# Afternoon Tea with Birthday Girl



## -Oy- (Aug 22, 2020)

Afternoon Tea with my Mum at The Midland Hotel in Morecambe today. She's 81 on Monday!


----------



## Pinky (Aug 22, 2020)

-Oy- said:


> Afternoon Tea with my Mum at The Midland Hotel in Morecambe today. She's 81 on Monday!
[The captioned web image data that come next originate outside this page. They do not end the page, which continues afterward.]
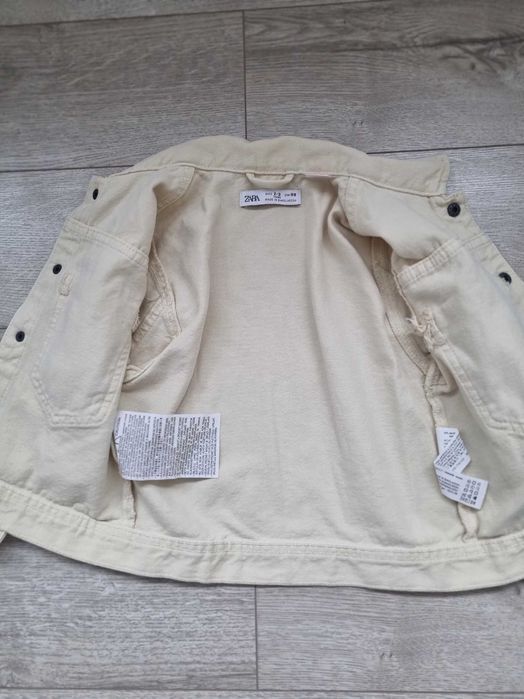 Geaca Zara denim 98 cm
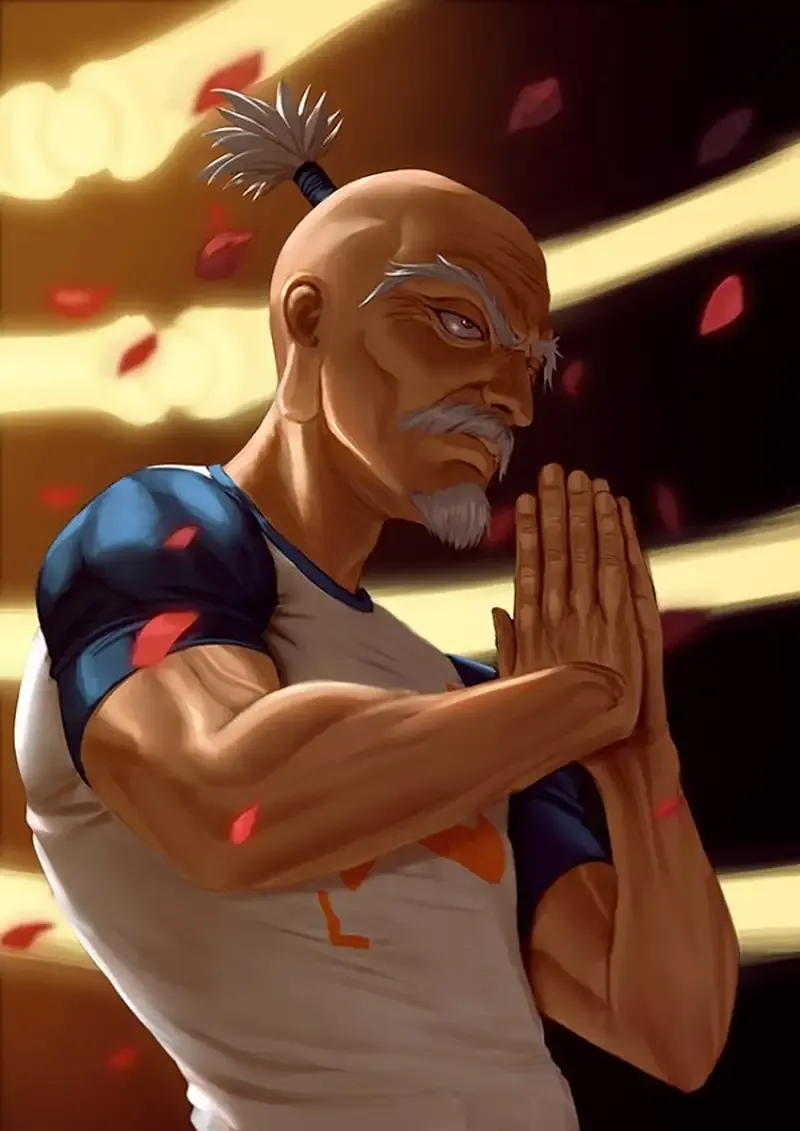 Hình ảnh Isaac Netero 27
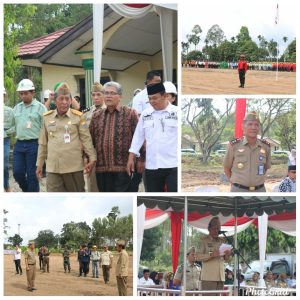 Jadi Inspektur Upacara Bulan K3 Tahun 2023 Tingkat Provinsi Jambi, Wagub Abdullah Sani : Penerapan K3 dukung Pencapaian Zero Accident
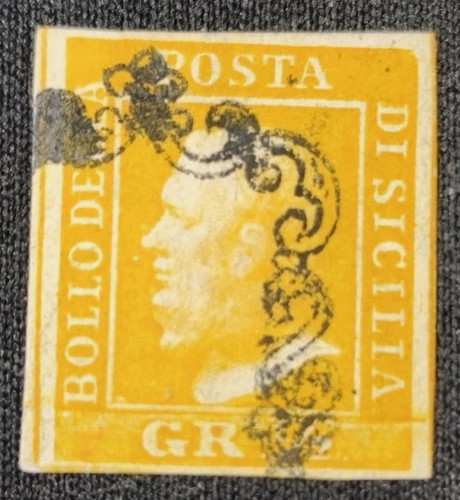 Antichi stati sicilia 2 - sicilia, 1/2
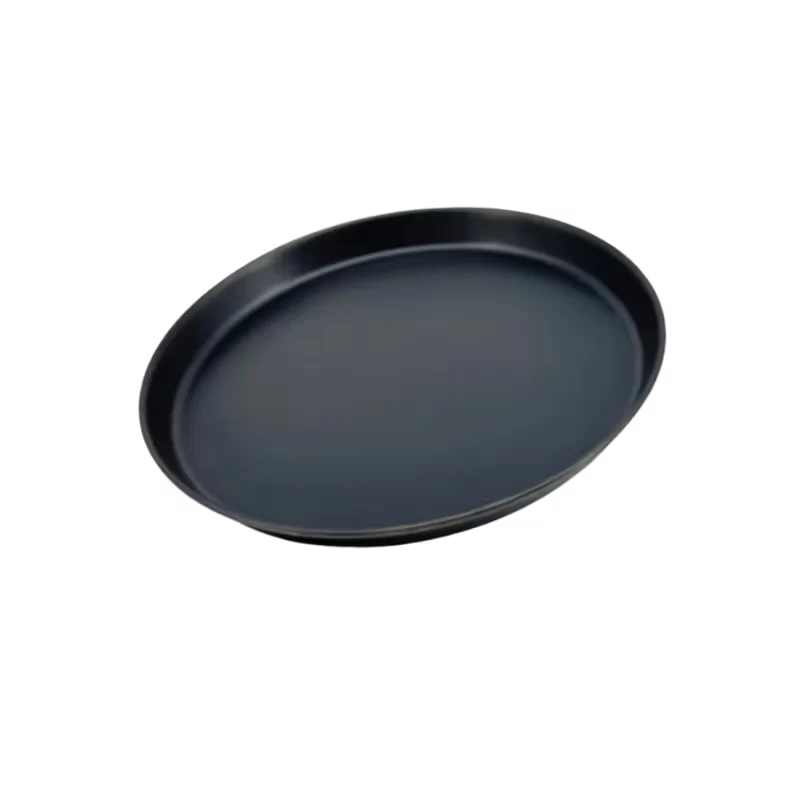 Pizzaform 20cm Blaublech
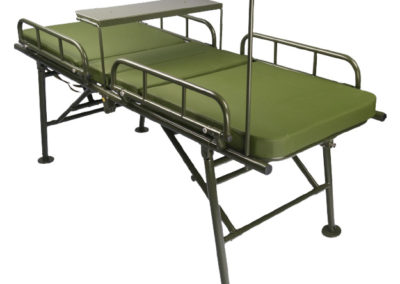 Field Hospital Treatment Bed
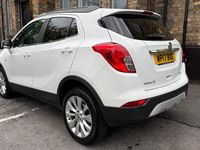 Used Vauxhall Mokka X Elite 140 HP (102 kW) 2017 White SUV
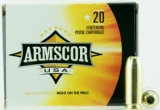 Armscor 10mm 180gr Jhp 20/500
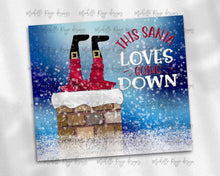 Load image into Gallery viewer, This Santa loves to go down naught - 18+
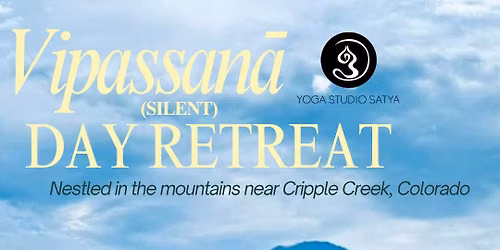 Vipassana Day Retreat: A Day of Sacred Silence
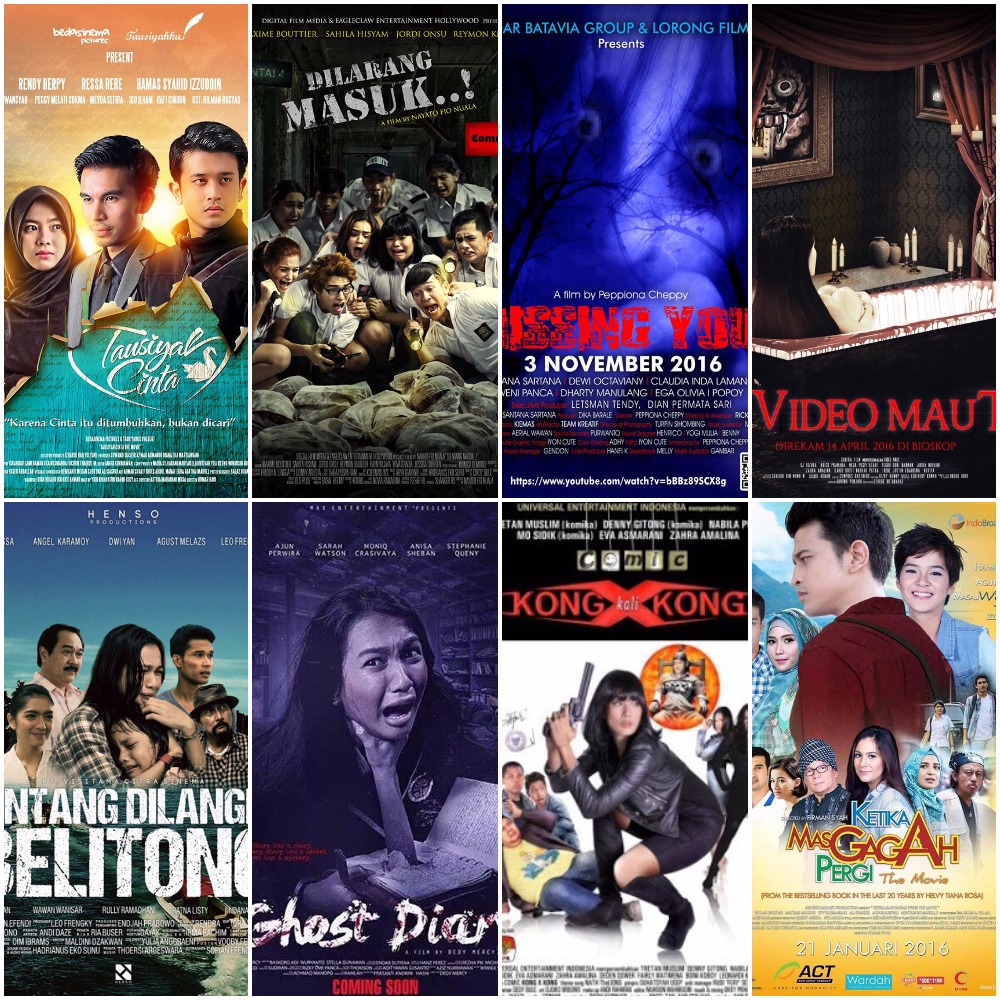 Film Horor Indonesia Tahun 2016 | 15 film indonesia terburuk 2016 Film Horor Indonesia Tahun 2016 | 15 film indonesia terburuk 2016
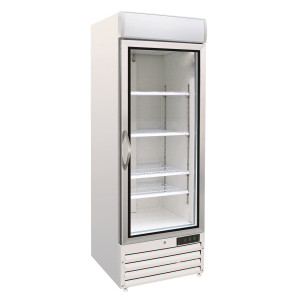 Negativer Kühlschrank mit Glastür - 412 L - CombiSteel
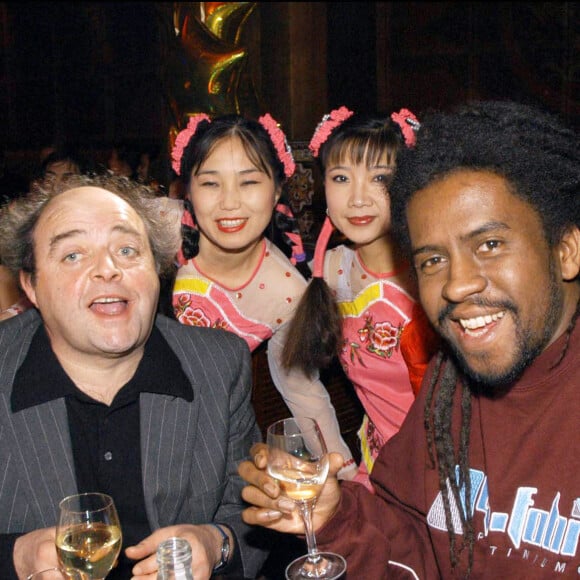 Jacques Villeret, Tonton David - Nouvel an chinois au Budha Bar.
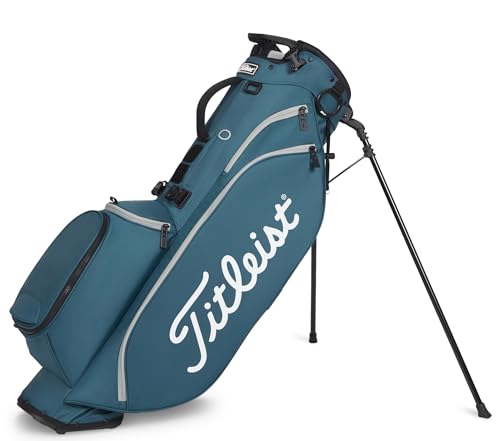 Titleist Players 4 Black Golf Stand Bag K583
She looks great, and, what a lovely afternoon tea! Happy Birthday to your Mum ..


----------



## Aunt Marg (Aug 22, 2020)

What a beautiful afternoon spent!

And many more!

Happy Birthday to your mom, Oy!


----------



## StarSong (Aug 22, 2020)

She's lovely.  What a good son you are!   ♥


----------



## Aunt Marg (Aug 22, 2020)

Judging by all those wonderful and delish looking treats on the table, you're going to have to take a whole lot of pictures after today to burn off all the calories, Oy!


----------



## RadishRose (Aug 22, 2020)

She looks so happy! You're a good boy, Oy.... lol


----------



## Aunt Bea (Aug 22, 2020)

A great way to make a memory!

Happy Birthday, Mum!


----------



## applecruncher (Aug 22, 2020)

Very lovely lady!


----------



## CinnamonSugar (Aug 22, 2020)

What a beautiful lady!  (and I didn't know I was hungry til I spied those mouth-watering treats!)  Happy Birthday!


----------



## Pam (Aug 22, 2020)

How lovely! 

Happy birthday to your mum.


----------



## Ceege (Aug 22, 2020)

Happy birthday to your mother.  She looks great.  You've given her a happy day.


----------



## Tommy (Aug 22, 2020)

Looks fantastic!  Thank you for sharing this.


----------



## Pink Biz (Aug 22, 2020)

*So sweet! ☺

*


----------



## PamfromTx (Aug 22, 2020)

Happy Birthday to your mum!  What a lovely lady!


----------



## SeaBreeze (Aug 22, 2020)

@-Oy-, you're a good son for having such a nice celebration for your mother.  She's a beautiful lady and from her smile and kind eyes, I can see she's lovely on the inside too.  Wishing your mother a wonderful Happy Birthday, please give her a big hug for me. ❤ As usual, your photography is excellent, thanks for sharing your picture with us!


----------



## Ruth n Jersey (Aug 22, 2020)

Such a nice photo. Happy birthday and many more.


----------